Oman Fathurahman: Bukti Wajah Islam & Ulama Toleran di Masa Lalu

Senin, 12 Juni 2017 | 07:00 WIB
Oman Fathurahman: Bukti Wajah Islam & Ulama Toleran di Masa Lalu
Oman Fathurahman (suara.com/Dendi Afriyan)
Follow Suara.com untuk mendapatkan informasi terkini. Klik WhatsApp Channel & Google News

Suara.com - Di tangan Oman Fathurahman, wajah Islam di Indonesia berwarna dan toleran bukan hanya isapan jempol. Dia membuktikan lewat dokumen-dokumen para ulama di awal masuknya Islam di Indonesia di abad 13.

Selama 25 tahun lebih Oman berburu manuskrip Islam di Indonesia. Manuskrip itu berbentuk dokumen tua tulisan para ulama atau seseorang yang menceritkan kehidupan di masa itu. Bukan dokumen sembarangan yang ditelisik Oman.

Dengan keahliannya sebagai filologi, Oman dinobatkan sebagai ilmuan manuskrip Islam Nusantara pertama di Indonesia, bahkan professor filologi satu-satunya di lingkungan Perguruan Tinggi Islam.

Apa pentingnya penelitian itu? Suara.com menemui Oman di kantornya di Pusat Pengkajian Islam dan Masyarakat (PPIM) Universitas Islam Negeri (UIN) Syarif Hidayatullah di Ciputat Tangerang Selatan pekan lalu. Sambil bercerita, Oman menunjukkan dokumen-dokumen tua di salah satu ruangan di sana. Di antara dokumen itu bertuliskan tulisan Arab.

Hampir sama seperti antropolog, Oman merekontruksi peristiwa Islam Nusantara di masa lalu hingga menjadi cerita. Perlu keahlian penguasaan bahasa kuno untuk bisa membacanya.

“Satu dokumen bisa jadi 1 sampai 2 tulisan untuk diterbitkan di jurnal ilmian internasional.
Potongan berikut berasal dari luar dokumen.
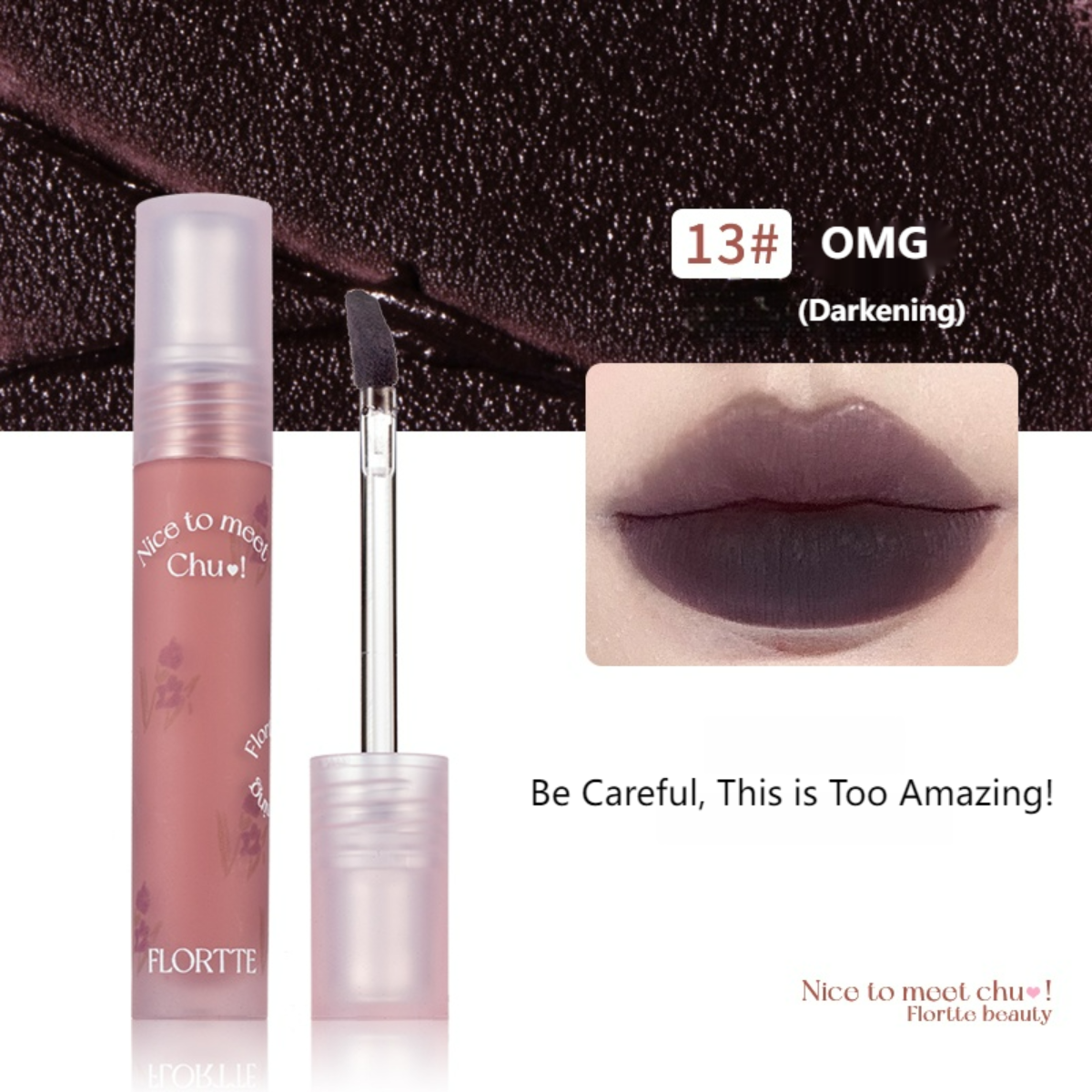 Collection of Nice To Meet Chu Lip Cream in a gallery layout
Saya punya banyak dokumen yang belum diteliti, ratusan,” kata Oman sembari membuka ‘harta karun’ manuskripnya.

Di antara yang diceritakan Oman soal persekusi di awal Islam masuk Indonesia sampai manuskrip Islam yang bercerita tentang tsunami Aceh masa lalu.

Simak wawancara lengkapnya berikut ini:

Anda scientist manuskrip atau filologi Islam Nusantara pertama di Indonesia. Mengapa filologi menjadi hal yang menarik, tapi langka di Indonesia?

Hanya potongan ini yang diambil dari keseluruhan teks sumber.